What are the lines, copied exactly, from the one containing "Nike SB Dunk" through the final line of the material? Leave the pictures out.

DATASET EXCERPT START

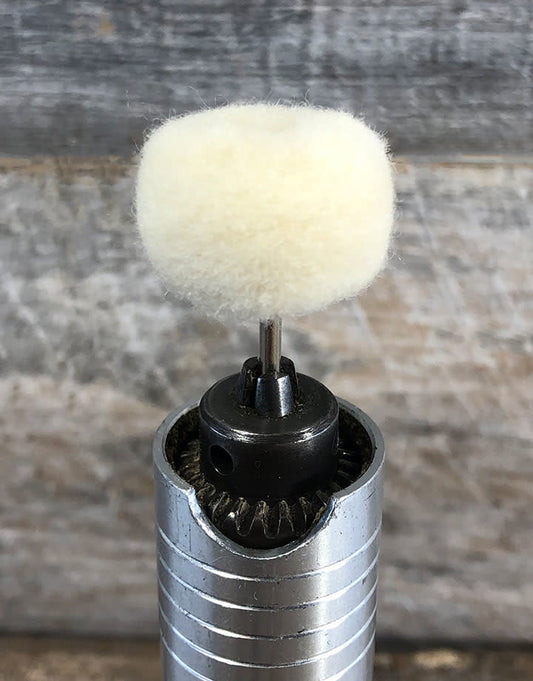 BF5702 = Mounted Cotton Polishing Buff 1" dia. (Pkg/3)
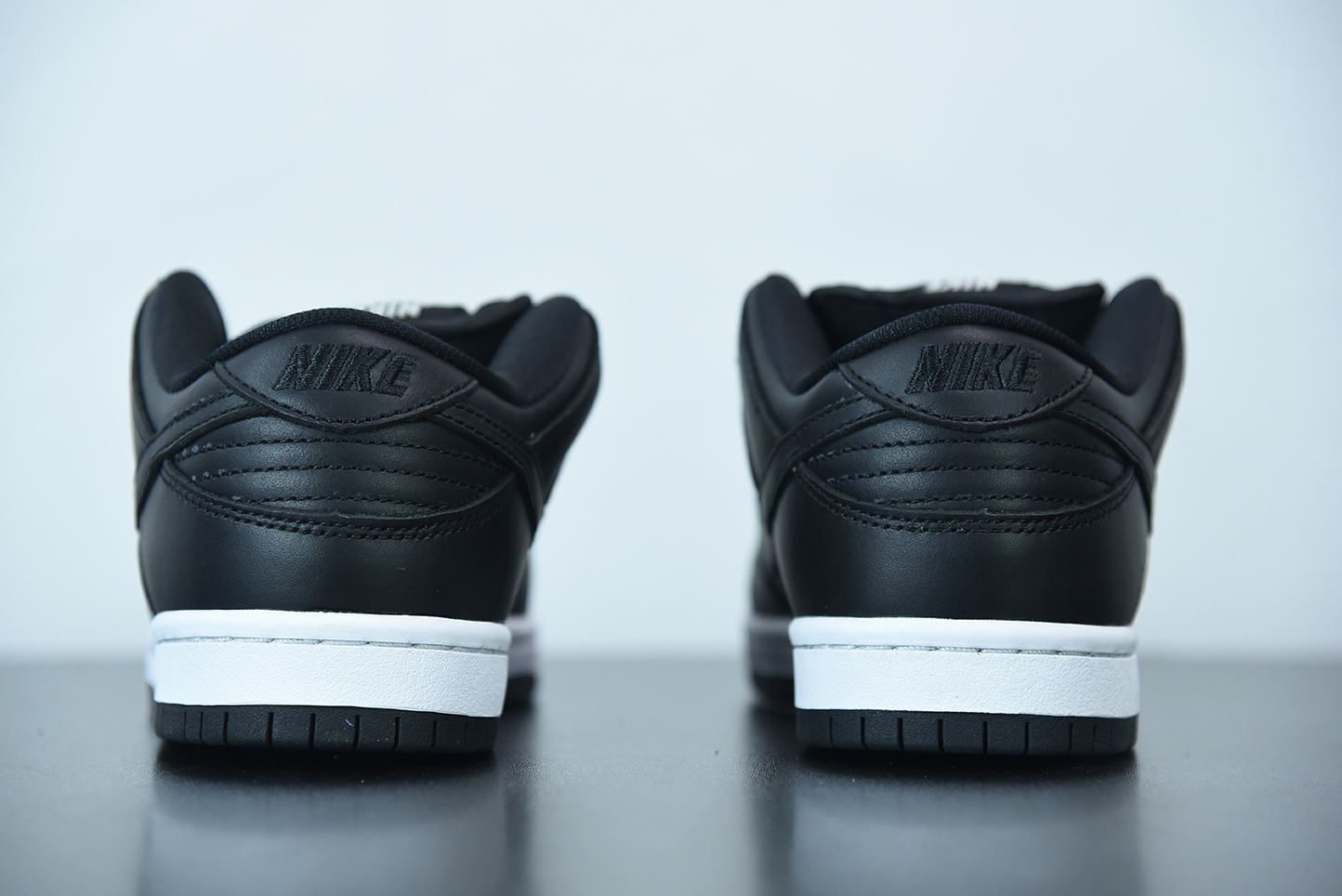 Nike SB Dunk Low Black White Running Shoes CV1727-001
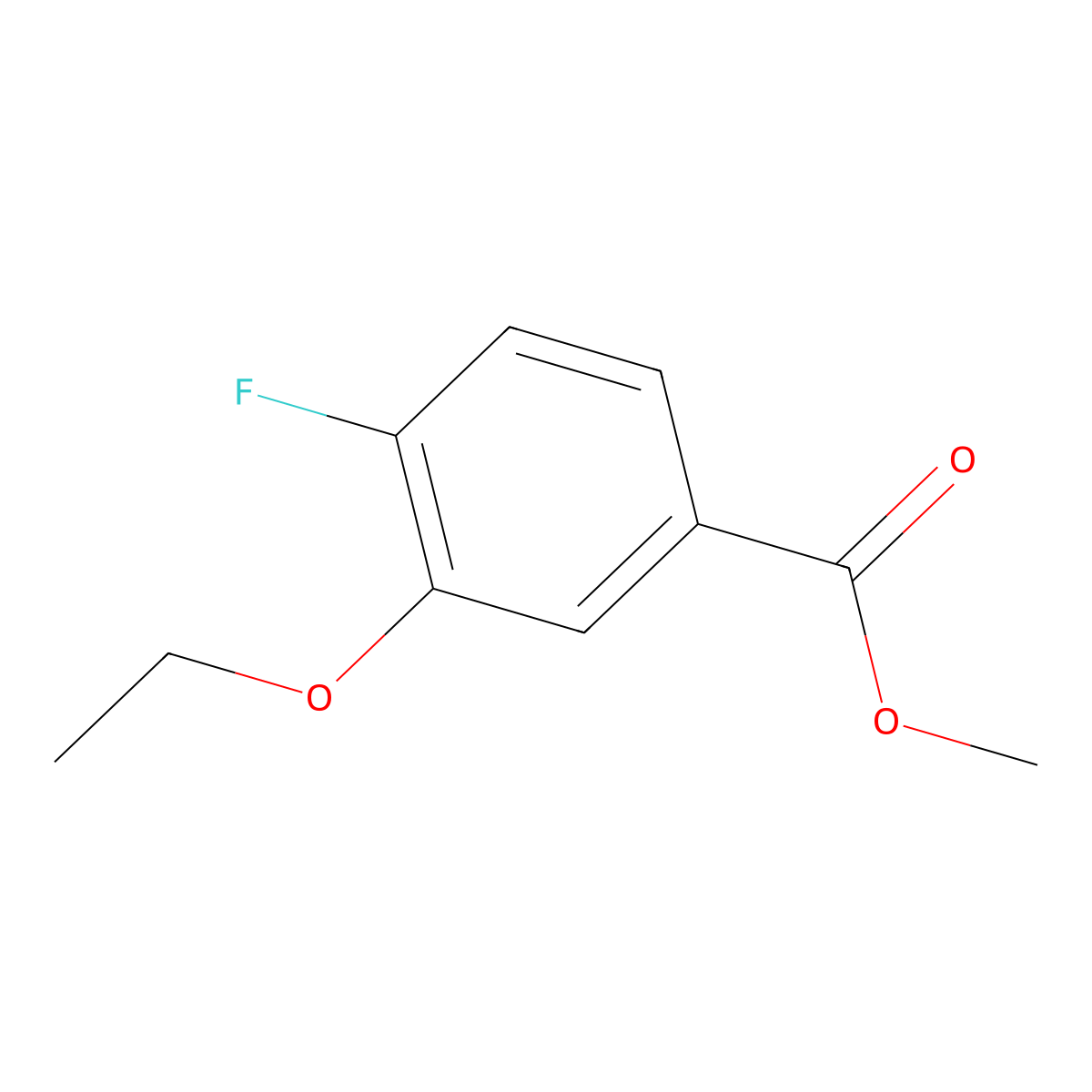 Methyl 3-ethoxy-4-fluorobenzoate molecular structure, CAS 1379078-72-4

DATASET EXCERPT END

FINAL ANSWER:
 Nike SB Dunk Low Black White Running Shoes CV1727-001
 Methyl 3-ethoxy-4-fluorobenzoate molecular structure, CAS 1379078-72-4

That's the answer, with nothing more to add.